EXTRACTED MATERIAL
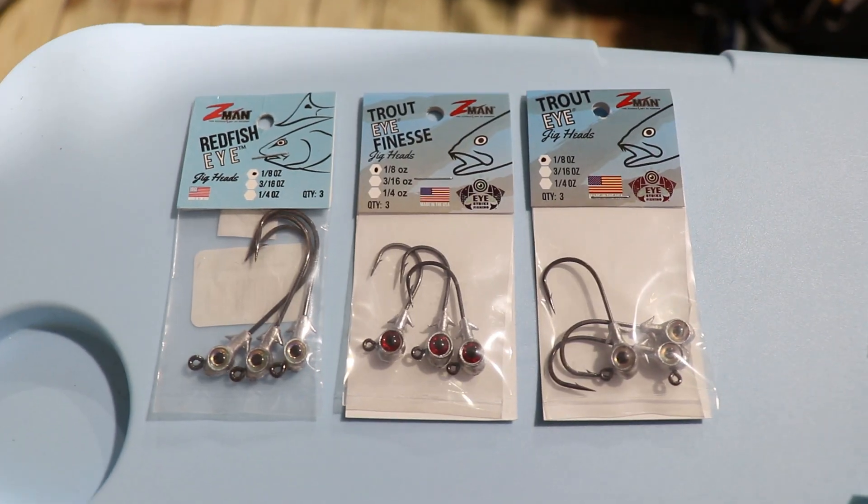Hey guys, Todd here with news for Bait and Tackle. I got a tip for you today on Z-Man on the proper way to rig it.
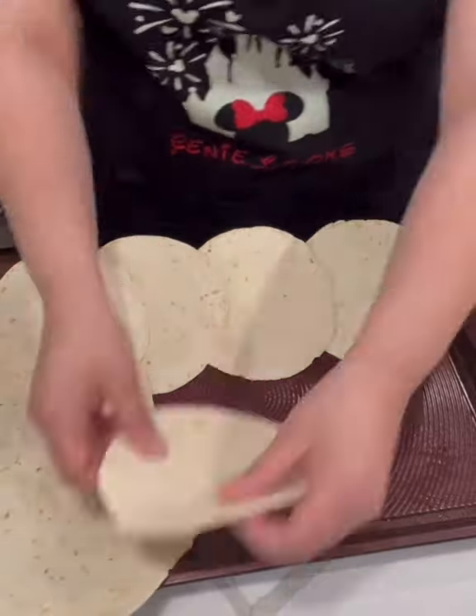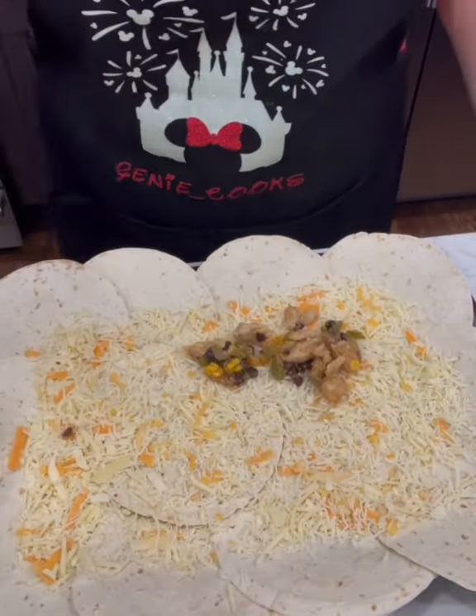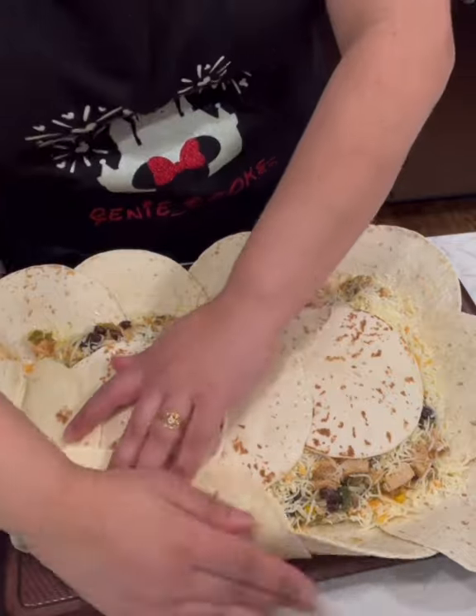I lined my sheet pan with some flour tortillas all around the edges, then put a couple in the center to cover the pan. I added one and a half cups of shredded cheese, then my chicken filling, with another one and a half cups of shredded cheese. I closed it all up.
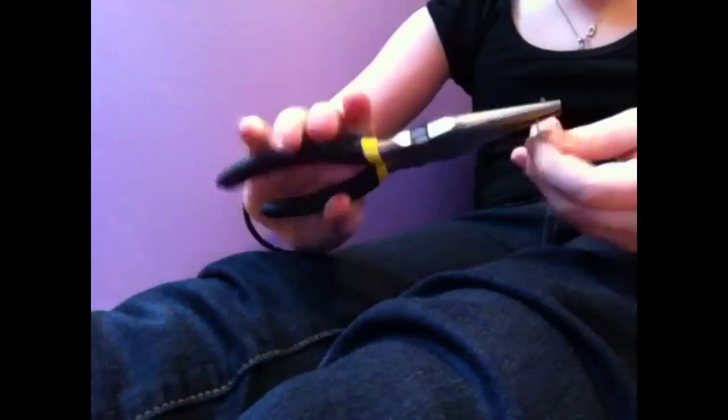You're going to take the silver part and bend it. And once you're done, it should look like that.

...

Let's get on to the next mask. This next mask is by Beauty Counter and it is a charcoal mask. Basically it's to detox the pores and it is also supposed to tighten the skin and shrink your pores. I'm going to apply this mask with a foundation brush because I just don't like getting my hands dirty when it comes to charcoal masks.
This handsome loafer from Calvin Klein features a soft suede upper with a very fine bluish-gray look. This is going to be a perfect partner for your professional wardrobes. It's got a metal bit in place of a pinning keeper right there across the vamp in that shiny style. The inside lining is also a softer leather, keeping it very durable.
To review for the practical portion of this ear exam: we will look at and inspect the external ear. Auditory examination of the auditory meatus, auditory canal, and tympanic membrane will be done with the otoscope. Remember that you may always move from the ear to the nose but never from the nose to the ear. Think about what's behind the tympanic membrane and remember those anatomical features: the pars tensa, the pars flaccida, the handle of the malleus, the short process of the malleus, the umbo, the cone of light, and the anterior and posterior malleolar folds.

==

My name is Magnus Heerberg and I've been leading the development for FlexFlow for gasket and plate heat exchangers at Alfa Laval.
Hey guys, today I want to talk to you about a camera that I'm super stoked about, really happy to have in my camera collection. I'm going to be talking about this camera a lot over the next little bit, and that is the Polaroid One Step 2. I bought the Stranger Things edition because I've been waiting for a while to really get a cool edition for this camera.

WHAT IS NEEDED
Within the listing above, the stretch from the line with "Hey guys, Todd" down to the line with "You're going to" is to be given again exactly, end lines included and pictures excluded.

EXPECTED ANSWER
Hey guys, Todd here with news for Bait and Tackle. I got a tip for you today on Z-Man on the proper way to rig it.
I lined my sheet pan with some flour tortillas all around the edges, then put a couple in the center to cover the pan. I added one and a half cups of shredded cheese, then my chicken filling, with another one and a half cups of shredded cheese. I closed it all up.
You're going to take the silver part and bend it. And once you're done, it should look like that.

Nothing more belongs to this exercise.